Isso funciona quando o consumidor é um desenvolvedor humano. Quebra quando o consumidor é um LLM. Um LLM não lê seu arquivo Swagger e decide quais três dos doze endpoints encadear. Ele precisa da capacidade descrita na entrada: nome da ferramenta, o que faz, schema de entrada, schema de saída, efeitos colaterais.
MCP dá exatamente esse formato. Uma chamada `tools/list` devolve cada capacidade com um schema JSON sobre o qual o modelo pode raciocinar em tempo de inferência. Sem SDK, sem geração de código, sem ticket de onboarding.
O Desbloqueio da Composabilidade
O que torna MCP transformador não é nenhuma funcionalidade isolada. É a composição em tempo de execução.
Quando cada serviço se expõe como ferramentas MCP, um agente pode descobri-las e encadeá-las em tempo de inferência. Um agente de suporte lê do CRM, consulta o serviço de faturamento, redige uma mensagem de Slack e abre um ticket — usando ferramentas das quais soube trinta segundos atrás. Sem integrações hardcoded. Sem middleware específico do provedor.
Esta é a filosofia Unix aplicada a agentes. Ferramentas pequenas e focadas que se compõem. O compositor não é mais um script de shell; é um modelo capaz de raciocinar sobre quais ferramentas combinar e em que ordem.
O Problema de Segurança Que Todos Ignoram
Tornar trivialmente fácil conectar agentes a ferramentas arbitrárias também torna trivialmente fácil conectá-los a ferramentas maliciosas. Envenenamento de ferramentas — quando a descrição promete um comportamento e a implementação faz outro — é a injeção SQL da era MCP.
A maioria das equipes que entregam servidores MCP hoje não está pensando nisso. Estão focadas em fazer funcionar. Toda grande crise de segurança na história da web começou do mesmo jeito.

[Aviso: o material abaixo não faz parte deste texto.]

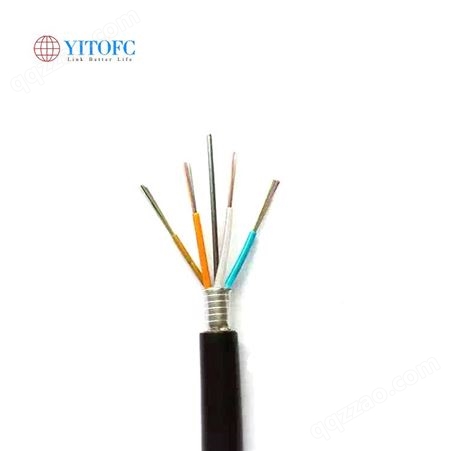 室外铠装层绞式4芯单模光纤GYTA-4B1.3光缆电信专用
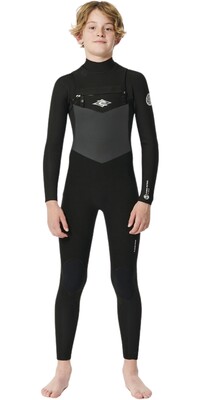 2024 Rip Curl Junior Dawn Patrol 5/3mm Chest Zip Wetsuit 13JBFS - Black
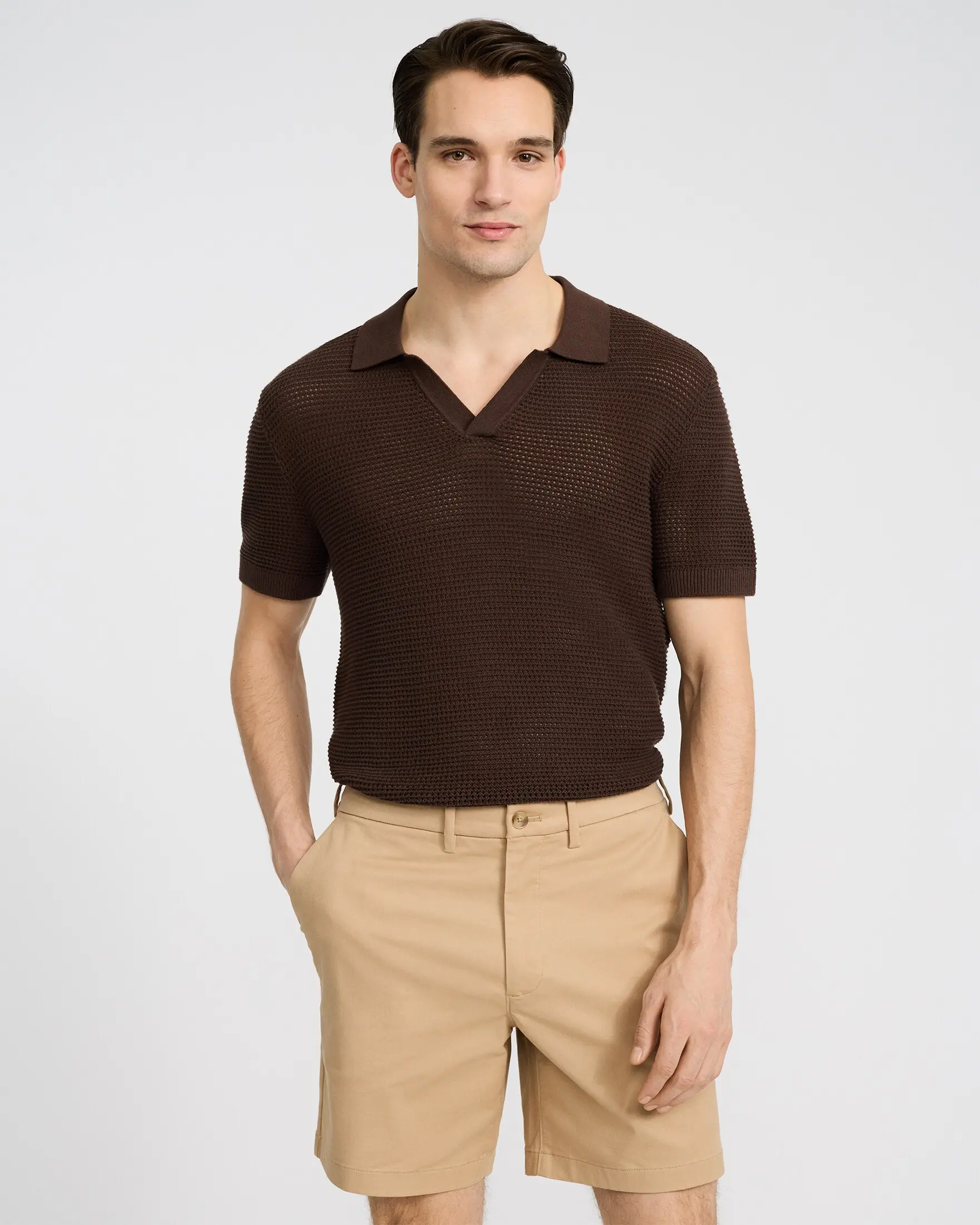 Express 7" Comfort Waist Hyper Stretch Chino Shorts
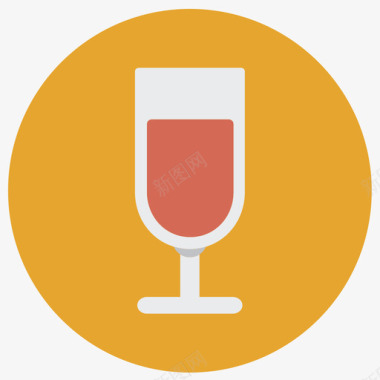葡萄酒食品线性食品套装图标图标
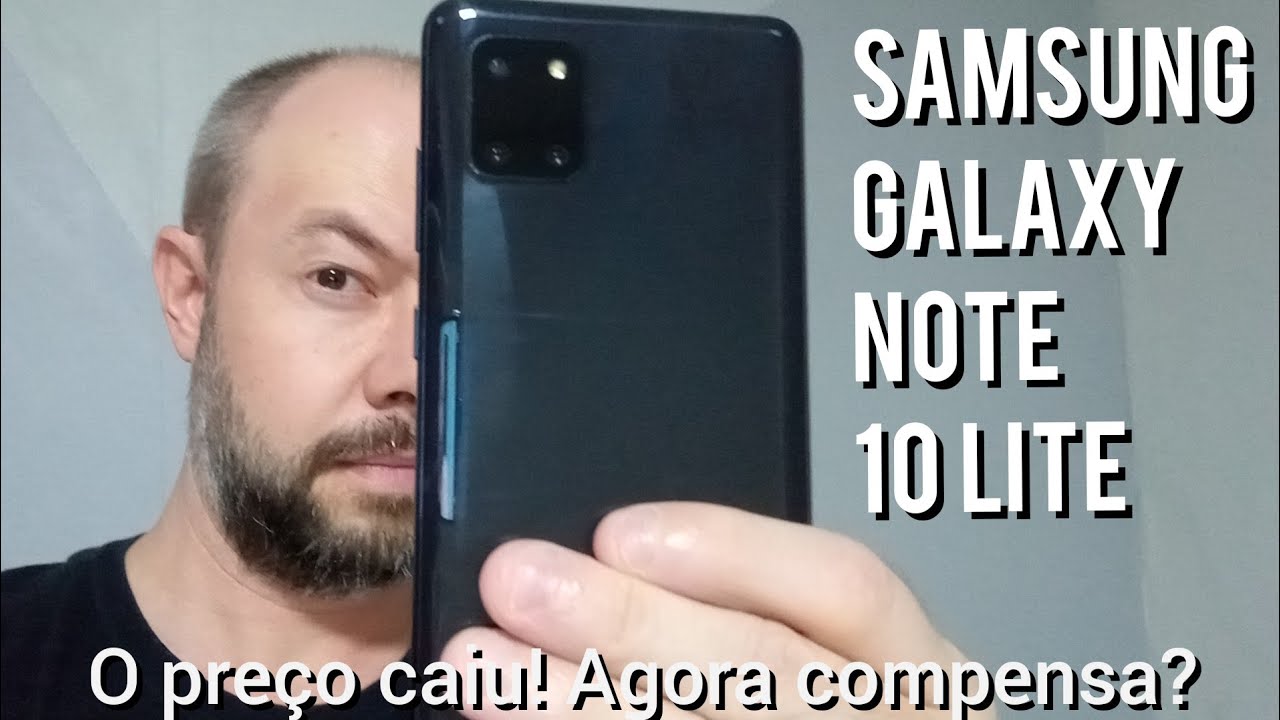 SAMSUNG GALAXY NOTE 10 LITE - UNBOXING E PRIMEIRAS IMPRESSÕES - BAIXOU DE PREÇO! AGORA COMPENSA?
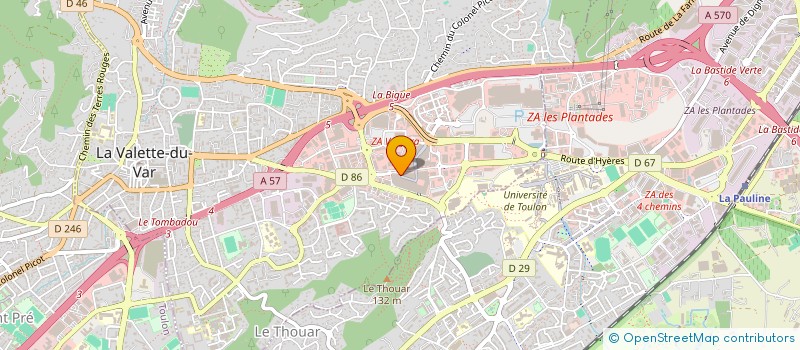 localisation de l'entreprise H2F à LA VALETTE-DU-VAR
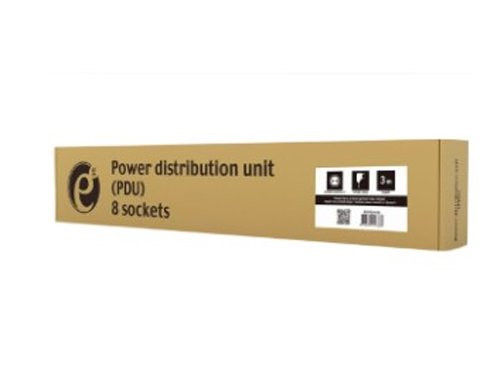 TCD RA 8V 3m zwart ALU prof - rack montage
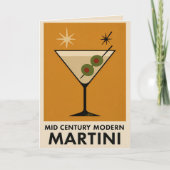 Poster Style Mid Century Modern Martini Kaart (Voorkant)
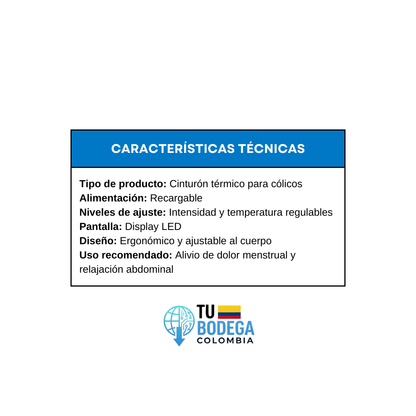 Cinturon para colicos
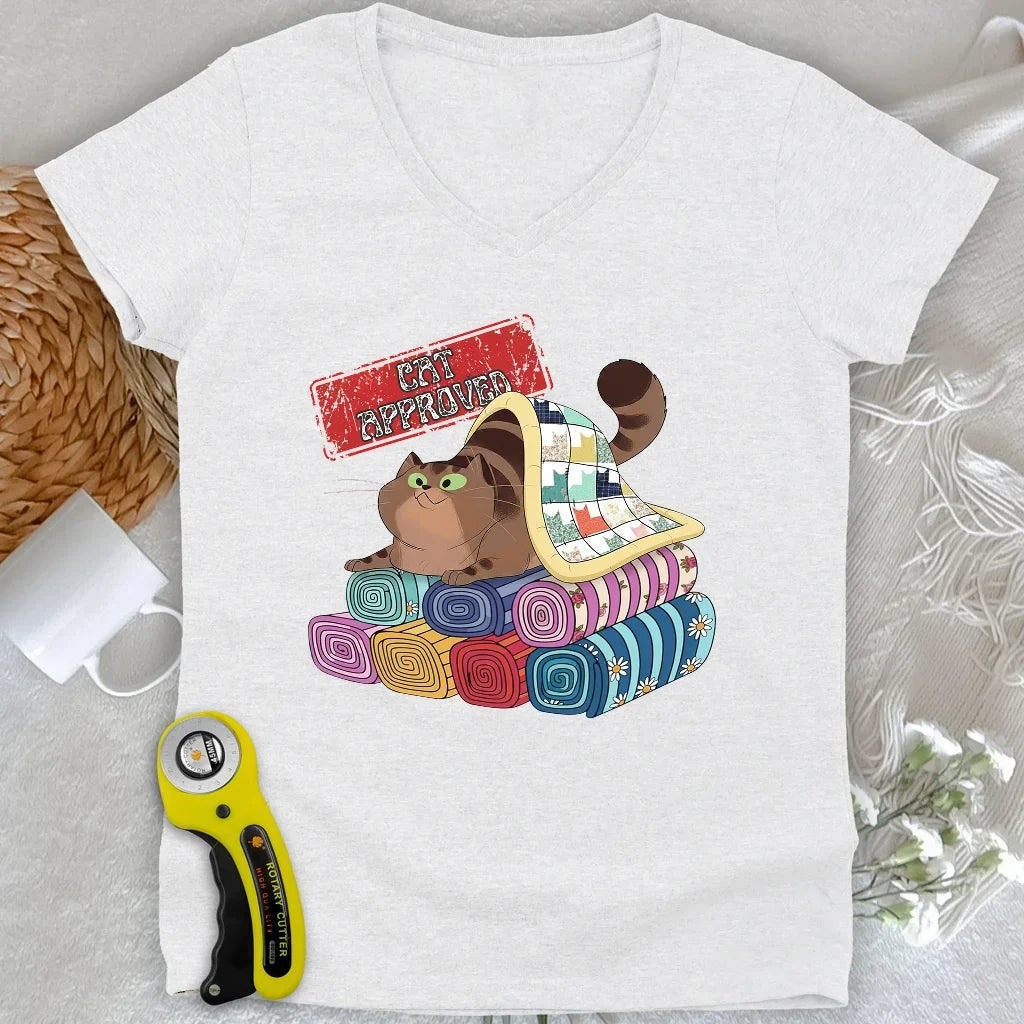 Cat Approved Lady V-neck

As equipes que vão vencer na economia MCP não serão as mais rápidas a entregar. Serão as que resolveram proveniência de ferramentas, sanitização de saída e sandboxing antes de ter que aprender da maneira difícil.
O Que Vem a Seguir
Se você constrói software que outro software consome, já deveria estar entregando uma interface MCP. A economia obriga.
Uma integração REST custa dias de um desenvolvedor. Uma ferramenta MCP custa minutos. Quando a integração fica 100 vezes mais barata, você não ganha 100 vezes mais integrações iguais — ganha categorias inteiras de integração que antes não valiam a pena. Stripe já publica um servidor MCP. Linear também. Supabase também.
Cada SaaS eventualmente exporá ferramentas MCP. Cada serviço interno terá uma interface MCP. A única pergunta real é se você entrega uma antes do seu concorrente.